31) When the Bible tells us, "Ask and it will be given to you" -- to put yourself in a position to ask, is a position of a student, like a child, asking, and beseeching, and inquiring -- and requesting of a parent. We need to be childlike, in that simple frame of mind, no matter how staticy, how complicated our life might get, it's important to keep pure and innocent in our faith, and in our love of God and our True Parents, and just believe.

32) And when the Bible goes on and says, "seek and you shall find," not, it shall find you. Seek and you shall find. The verb seek is a very interesting verb. It means to go after, to discover, to find. What David did in engaging the enemy Goliath, is again, very proactive, it was an articulation, something he did not have to do but wanted to do because he was moved and inspired knowing that God was with him. He was propelled by his faith in God and he wanted to defeat this terror that was terrorizing his people. David went after, he sought after his demon, his Goliath.

33) What the Bible is asking us to do, instead of sitting idle and being crushed by the weight of all the static and all the information we don't know how to digest -- seek and discover, be proactive, engage your demons, your Goliath. And not because you have to do it, but because you want to. David was not seeking his own glory. He was seeking the enemy because he wanted to relieve his people of this terror.

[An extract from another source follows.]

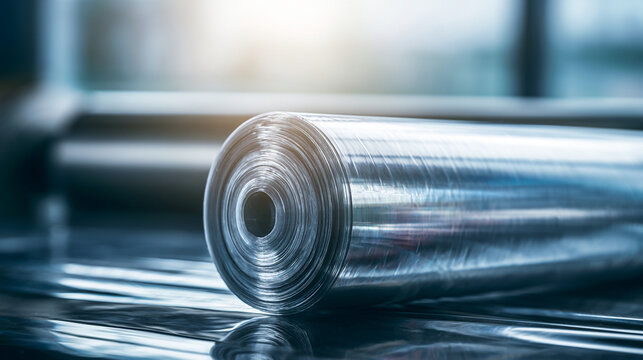 Roll Of Polyolefin Shrink Wrap Film On Industrial Packaging Production Machine

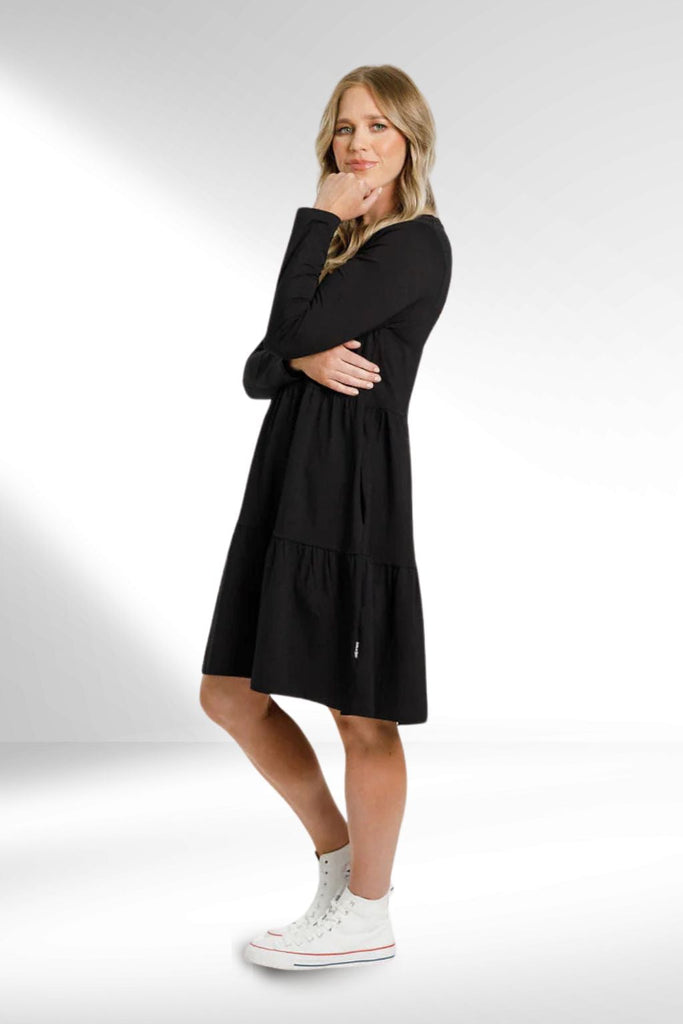 Homelee Long Sleeve Kylie Dress Black From BoxHill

34) When the Bible says "seek and you shall find," it is a reminder to live our lives in a certain way. It is asking us not to sit idle and be crushed. It is asking us to grab our life, grab the horns of destiny within our hands and do something about it. And, grab onto the horns of destiny not for personal glory, but like David, because he was serving his community, he was living our philosophy of living for the sake of others. He was thinking about his people. It is a reminder for all of us to serve and conquer and seek our own demons and burdens that are crushing us, because we want to continue to serve and to bring glory, not to just our families but to our community, nation and world. In a way, it is an invitation for us to practice living for the sake of others, just because.

35) The Bible says seek and you shall find. It is within our hands, within your hands. When you and I decide to serve, we are that agent of change that will help us find exactly what we need to defeat, to overcome, to go through -- to be the kind of individual we would like to be.

36) When the Bible goes on and says, "knock and it shall be opened unto you." It does not say knock and it shall be opened into you, or over you. It says unto you. We have this incredible grace when we realize in our moment of silence, no matter what we are going through, God is with us each and every moment of our lives.

37) And the Bible says knock, it does not say crush the door and it will be opened unto you. The Bible does not say explode and it will be opened unto you. The Bible doesn't say destroy and it will be opened unto you. It says knock. The Bible is reminding us once again, how we need to be childlike.

38) Whenever In Jin Nim approaches the door where her parents might be, she would never approach the door to destroy. "Mom I'm here! Boom!" You would never explode it open because you want a dramatic entrance into your parent's room, and you don't barge through the door. You treat the door with respect and quietly you knock, with respect, honoring who is behind the door. You knock

39) When In Jin Nim thinks about this it reminds her of the story a friend once shared with her. He went on a Boy Scout outing. He and his colleagues were spending a week or two outdoors in a mountain log cabin with a beautiful lake. There was a great deal of canoeing and water sports. One day everyone decided to get into their canoes and go to the other side for a campfire or get-together. Everybody got into their boat and pushed off. Then this friend's teenage boy looked around and saw all the boats and said to his dad, "it's a competition, let's win!" And the other boats joined in and began racing. Her friend and his son ended up getting there first, and his teenage son began jumping up and shouting, "we won, we won!" And he was waiting for the last boat to come in, the boat which contained his dad's best friend, and he yelled to them, "we won and you lost!" He was celebrating his victory jumping up and down. He was competitive and he won and he wanted to let the last boat know. But his father's friend turned to him and said, "you won, but we had the longer trip." Meaning, they enjoyed the trip, they enjoyed a longer vacation. Then this boy could not say anything.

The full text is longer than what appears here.